Dangerous ideas take root
Another factor to consider is the tendency for some workers to “kiss up and kick down”. What this means is that staff who are lower down the hierarchical ladder suffer detrimental treatment from the colleagues who are trying to suck their way up the same ladder.
If workforces were educated on what these tactics looked and felt like, perhaps included in corporate codes of conduct, HR departments and management could identify potential issues and deal with them.
But this is not merely an HR concern. Previous research also shows a link between ingratiation, high turnover rates and poorer performance by the organisation as a whole.
Perhaps the most insidious aspect of sycophancy is the push for conformity when it comes to opinions. If leadership hears nothing but agreement, dangerous ideas can be reinforced. Things like the leader’s own skills or the competence of the organisation as a whole can become wildly exaggerated – with disastrous consequences.

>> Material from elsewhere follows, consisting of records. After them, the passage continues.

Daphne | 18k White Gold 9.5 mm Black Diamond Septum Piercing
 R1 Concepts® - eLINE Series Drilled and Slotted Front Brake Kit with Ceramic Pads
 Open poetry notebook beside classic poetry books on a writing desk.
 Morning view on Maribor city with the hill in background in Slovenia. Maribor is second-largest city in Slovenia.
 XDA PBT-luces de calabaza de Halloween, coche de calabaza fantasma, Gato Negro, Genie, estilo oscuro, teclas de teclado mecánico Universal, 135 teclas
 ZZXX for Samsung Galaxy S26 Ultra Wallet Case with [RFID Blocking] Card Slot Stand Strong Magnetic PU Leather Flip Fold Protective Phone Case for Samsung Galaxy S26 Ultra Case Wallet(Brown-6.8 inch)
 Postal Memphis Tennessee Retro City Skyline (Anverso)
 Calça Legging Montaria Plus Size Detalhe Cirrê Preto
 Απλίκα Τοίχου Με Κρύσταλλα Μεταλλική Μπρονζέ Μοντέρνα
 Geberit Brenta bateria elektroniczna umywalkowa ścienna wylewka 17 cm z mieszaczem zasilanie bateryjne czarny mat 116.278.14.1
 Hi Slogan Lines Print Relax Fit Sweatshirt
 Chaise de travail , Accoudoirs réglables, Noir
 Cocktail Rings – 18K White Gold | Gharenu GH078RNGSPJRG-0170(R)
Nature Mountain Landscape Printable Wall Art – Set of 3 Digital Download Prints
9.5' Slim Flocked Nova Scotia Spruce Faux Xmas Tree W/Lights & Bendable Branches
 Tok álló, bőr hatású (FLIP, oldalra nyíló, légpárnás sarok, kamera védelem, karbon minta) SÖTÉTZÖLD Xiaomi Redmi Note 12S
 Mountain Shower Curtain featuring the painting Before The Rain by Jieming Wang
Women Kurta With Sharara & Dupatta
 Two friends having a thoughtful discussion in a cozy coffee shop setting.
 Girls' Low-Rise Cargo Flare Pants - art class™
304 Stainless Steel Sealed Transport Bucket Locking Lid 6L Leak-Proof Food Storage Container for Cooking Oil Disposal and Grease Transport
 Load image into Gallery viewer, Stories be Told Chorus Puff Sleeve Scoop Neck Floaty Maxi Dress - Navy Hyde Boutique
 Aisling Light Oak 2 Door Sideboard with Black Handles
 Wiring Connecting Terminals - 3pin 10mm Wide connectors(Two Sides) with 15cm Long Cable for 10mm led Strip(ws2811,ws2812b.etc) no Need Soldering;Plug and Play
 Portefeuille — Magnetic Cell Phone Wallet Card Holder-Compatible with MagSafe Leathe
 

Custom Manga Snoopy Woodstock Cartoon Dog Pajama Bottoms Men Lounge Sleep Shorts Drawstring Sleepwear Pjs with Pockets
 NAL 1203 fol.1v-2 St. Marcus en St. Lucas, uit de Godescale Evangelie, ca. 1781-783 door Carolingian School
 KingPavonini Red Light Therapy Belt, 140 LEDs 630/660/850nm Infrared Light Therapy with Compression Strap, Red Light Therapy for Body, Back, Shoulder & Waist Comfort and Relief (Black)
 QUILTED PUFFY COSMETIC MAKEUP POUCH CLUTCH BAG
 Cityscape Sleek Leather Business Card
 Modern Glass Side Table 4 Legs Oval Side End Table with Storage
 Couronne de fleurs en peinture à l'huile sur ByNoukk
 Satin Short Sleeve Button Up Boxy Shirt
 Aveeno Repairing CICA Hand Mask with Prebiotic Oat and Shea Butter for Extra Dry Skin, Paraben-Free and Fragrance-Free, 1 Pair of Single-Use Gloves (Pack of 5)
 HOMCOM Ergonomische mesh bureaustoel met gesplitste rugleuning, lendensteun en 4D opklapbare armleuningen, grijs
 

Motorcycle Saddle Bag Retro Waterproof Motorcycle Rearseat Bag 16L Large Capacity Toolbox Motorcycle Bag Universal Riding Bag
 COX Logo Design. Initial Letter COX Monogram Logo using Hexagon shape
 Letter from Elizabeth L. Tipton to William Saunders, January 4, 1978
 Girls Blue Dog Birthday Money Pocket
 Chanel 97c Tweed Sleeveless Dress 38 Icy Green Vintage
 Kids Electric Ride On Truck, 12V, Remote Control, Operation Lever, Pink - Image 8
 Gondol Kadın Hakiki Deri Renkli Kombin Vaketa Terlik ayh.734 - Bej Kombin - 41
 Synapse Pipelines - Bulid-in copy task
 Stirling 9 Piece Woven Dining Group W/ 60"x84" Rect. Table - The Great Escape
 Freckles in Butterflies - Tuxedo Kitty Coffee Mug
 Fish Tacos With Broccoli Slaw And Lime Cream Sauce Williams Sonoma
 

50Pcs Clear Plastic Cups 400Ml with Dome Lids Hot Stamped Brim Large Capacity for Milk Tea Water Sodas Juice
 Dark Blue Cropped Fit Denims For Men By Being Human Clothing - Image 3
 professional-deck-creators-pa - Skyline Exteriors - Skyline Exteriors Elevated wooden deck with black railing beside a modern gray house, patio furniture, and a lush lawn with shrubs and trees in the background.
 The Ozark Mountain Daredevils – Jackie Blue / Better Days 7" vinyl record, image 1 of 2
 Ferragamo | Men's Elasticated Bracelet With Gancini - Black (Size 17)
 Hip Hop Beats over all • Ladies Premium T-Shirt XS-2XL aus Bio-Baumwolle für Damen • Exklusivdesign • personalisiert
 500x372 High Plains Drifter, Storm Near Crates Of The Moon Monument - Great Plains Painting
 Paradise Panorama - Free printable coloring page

When leaders are surrounded by “yes-men”, they’re deprived of critical input that could challenge assumptions or highlight potential flaws. This can lead to cognitive entrenchment where decision-makers become overconfident and resistant to change. Bad decisions then proceed unchecked, often escalating into systemic failures.
In return, this can lead to groupthink, a phenomenon where a desire for harmony overrides rational evaluation. Environments that suffer from groupthink often ignore red flags, silence whistleblowers and overvalue consensus. All of these things are damaging to an organisation’s ability to remain agile and competitive.
Which brings us back to Trump. In his case this isn’t a corporate crisis. It’s a geopolitical one. At stake is not shareholder value but national security and global stability.
With sycophants backing poor decisions, the risk ranges from damaged diplomacy to outright conflict. If loyalty replaces truth, the cost could be catastrophic. Trump’s regime may ultimately collapse under the weight of its own delusions – but the collateral damage could be profound.